## Data for the task
..............................
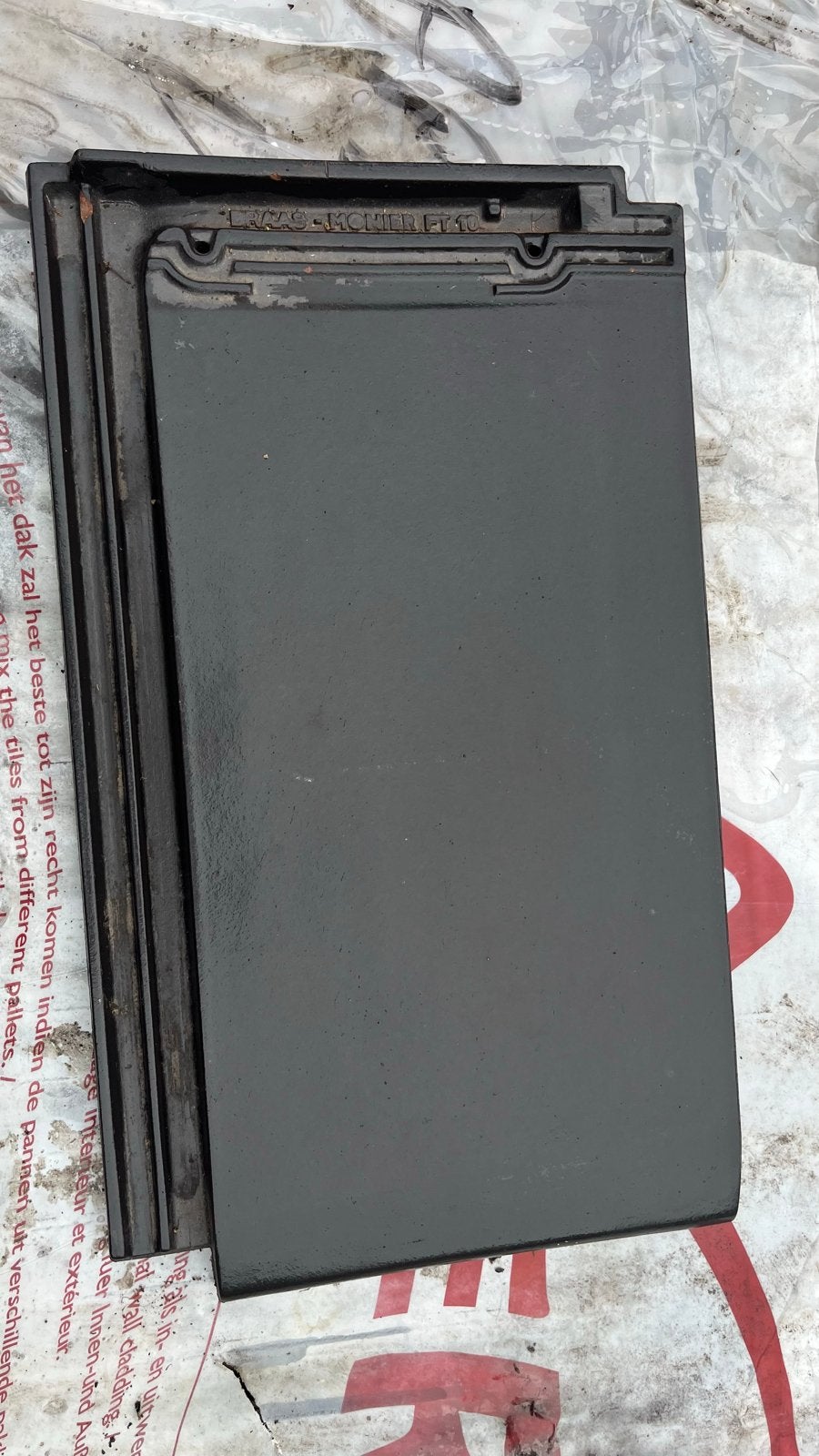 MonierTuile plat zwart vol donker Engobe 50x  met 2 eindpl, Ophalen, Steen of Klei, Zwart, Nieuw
..............................
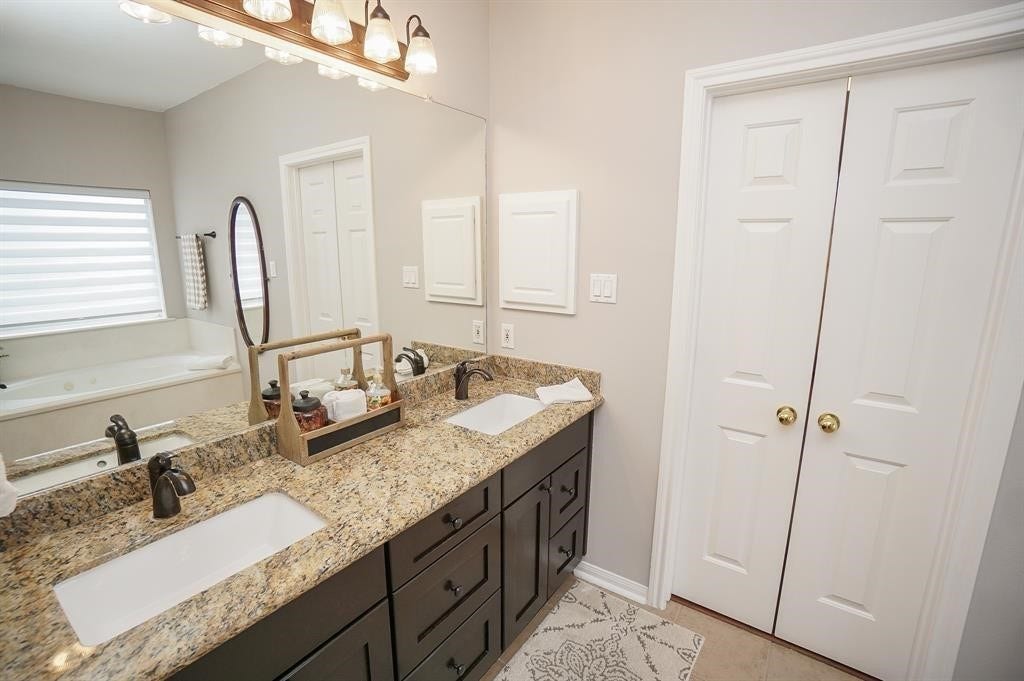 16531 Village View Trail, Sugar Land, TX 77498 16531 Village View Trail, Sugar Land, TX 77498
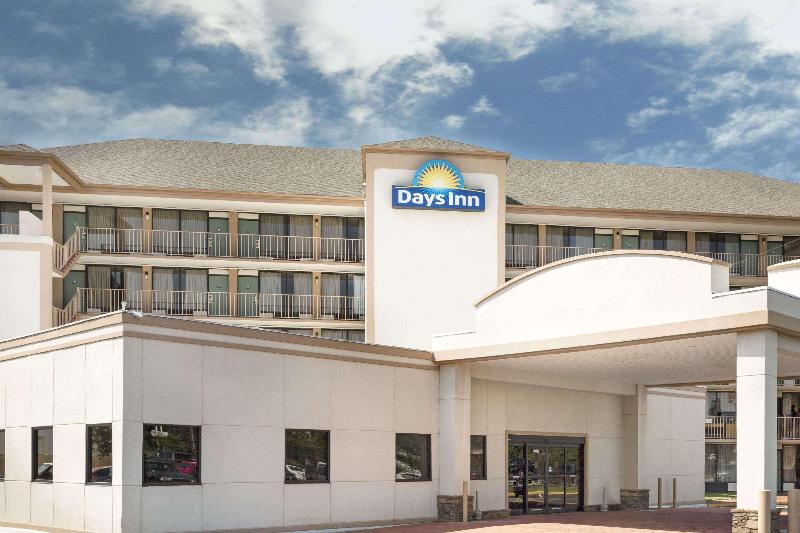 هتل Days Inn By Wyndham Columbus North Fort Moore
..............................
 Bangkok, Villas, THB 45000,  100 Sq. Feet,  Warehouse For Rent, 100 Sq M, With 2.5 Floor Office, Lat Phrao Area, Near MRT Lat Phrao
..............................
## About this task
Please copy out from the data above, without any picture, exactly the lines running from the one that holds "16531 Village View Trail, Sugar Land, TX 77498 16531" through the one that holds "هتل Days Inn", and nothing beyond them.

## Output of the task
 16531 Village View Trail, Sugar Land, TX 77498 16531 Village View Trail, Sugar Land, TX 77498
 هتل Days Inn By Wyndham Columbus North Fort Moore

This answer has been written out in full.